Western Asset Management agreed to pay $100 million to resolve an SEC investigation into trade allocation practices, removing a legal overhang that had driven more than $150 billion in client withdrawals from the Franklin Resources unit.
The settlement, announced June 4, resolves charges that the Pasadena, California-based fixed-income manager failed to properly supervise former co-chief investment officer Kenneth Leech, who allegedly steered profitable trades to favored portfolios in a $600 million cherry-picking scheme. The U.S. Securities and Exchange Commission will place the civil penalty into a Fair Fund for affected investors.
"Western Asset's supervisory failures allowed Leech's improper trade allocations to persist for nearly three years, disadvantaging clients whose portfolios received the worse-performing trades," the SEC said in its order. The firm did not admit or deny the findings.
The Justice Department separately closed its criminal inquiry into Western Asset without taking action, the company said in a regulatory filing. Leech, 71, faces a criminal trial scheduled to begin June 15 in Manhattan on four counts of fraud and one count of making false statements. He has pleaded not guilty.

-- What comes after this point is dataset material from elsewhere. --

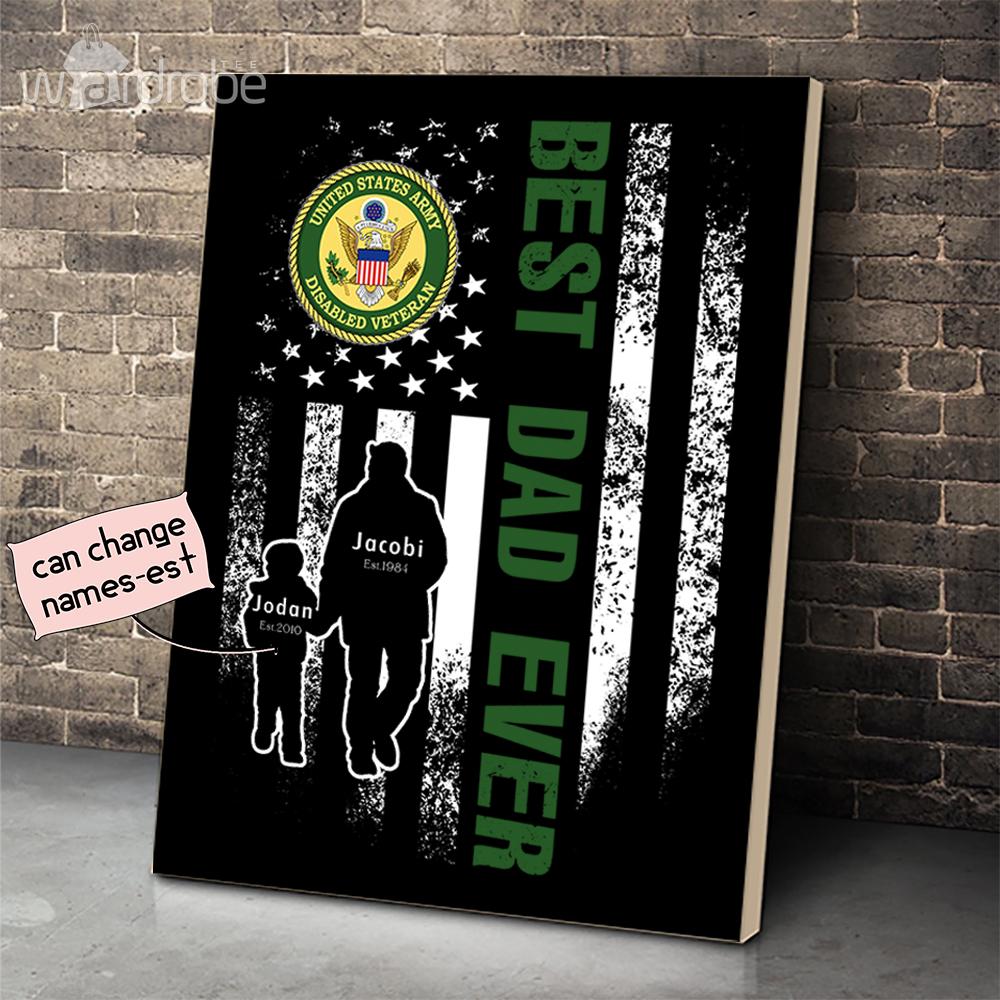Personalized Father’s Day Gift Custom Canvas Dad And Son United States Army Disabled Veteran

Western Asset's assets under management stood at $228.9 billion as of March 31, down 40 percent from $381.1 billion in June 2024, the month before the probes were first disclosed. The Western Asset Core Plus Bond fund, which Leech helped manage, lagged more than 95 percent of its peers in 2022 and 2024 after having largely outperformed since 2014, according to Morningstar data.

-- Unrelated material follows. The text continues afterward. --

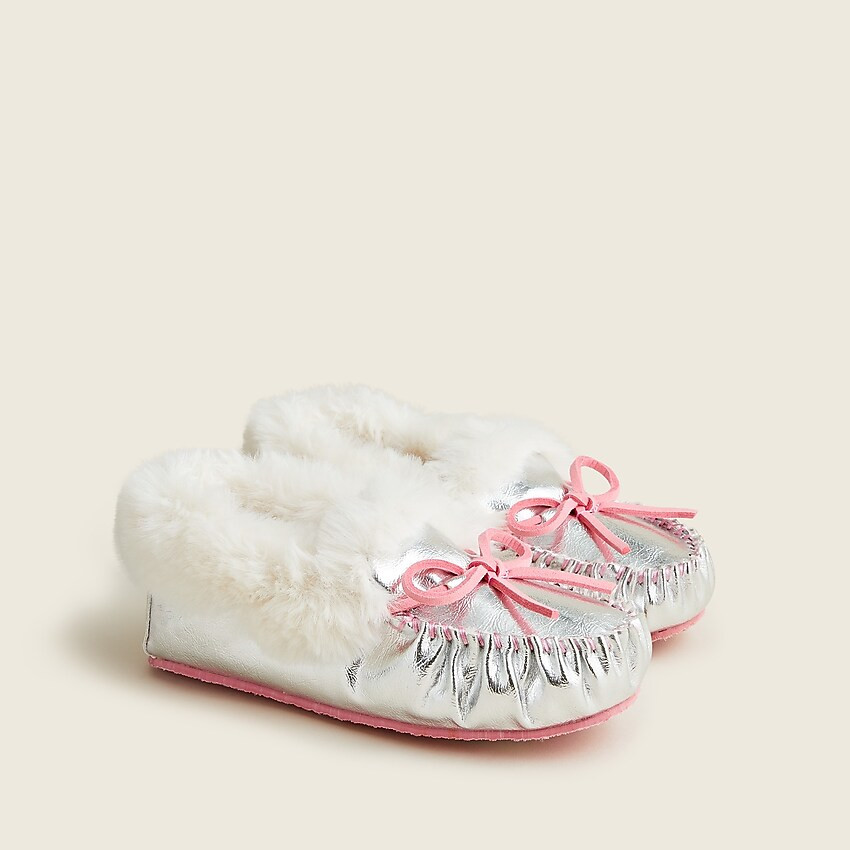 Girls' metallic lodge moccasins | J. Crew US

Franklin Resources, based in San Mateo, California, ended March with $1.68 trillion of assets under management. The company said Western Asset agreed to settle as a "business decision" to avoid prolonged litigation, and the accord ended probes by both the SEC and the Justice Department.

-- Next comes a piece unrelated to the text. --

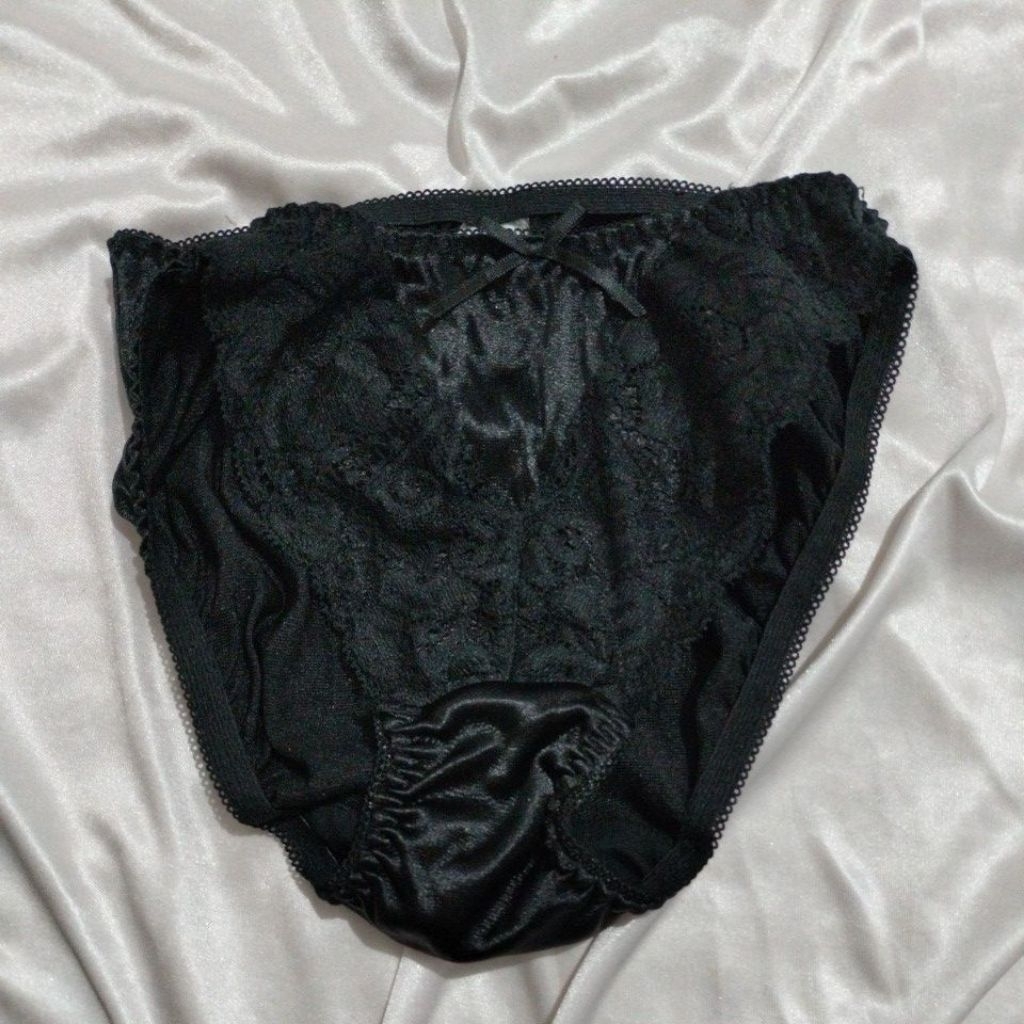 CD satin size S SILKY SHINY BLACK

A Scandal That Reshaped a Bond Giant
The investigation centered on allegations that Leech allocated U.S. Treasury derivative trades that performed well on their first day to portfolios following a "Macro Opportunities" strategy, which he described as reflecting his best ideas. Worse-performing trades went to portfolios following "Core" and "Core Plus" strategies.
Prosecutors said Leech became particularly focused on supporting the Macro Opportunities portfolios after they lost money on Russian debt following Russia's 2022 invasion of Ukraine, and on Credit Suisse debt when the Swiss bank collapsed in 2023. The scheme ran from January 2021 to October 2023, authorities said.
The settlement ranks among the largest SEC enforcement actions announced during President Donald Trump's second term. For Franklin Resources, the resolution removes a significant legal overhang that had weighed on the stock. Shares of BEN rose 6 percent on June 4, reaching a 52-week high of $32.47, as investors reacted to reports that a settlement was imminent.
What Comes Next
With the federal investigations concluded, Western Asset faces the challenge of rebuilding client trust and stemming outflows. The firm's AUM decline of more than $150 billion since the probes became public underscores the reputational damage. Leech's criminal trial, which could produce additional revelations about the firm's internal controls, remains a near-term risk.
For Franklin Resources, the $100 million penalty is a material but manageable cost relative to its $15.8 billion market capitalization. The resolution allows the parent company to focus on stabilizing Western Asset's franchise and retaining institutional clients who had paused new mandates amid the uncertainty.
This article is for informational purposes only and does not constitute investment advice.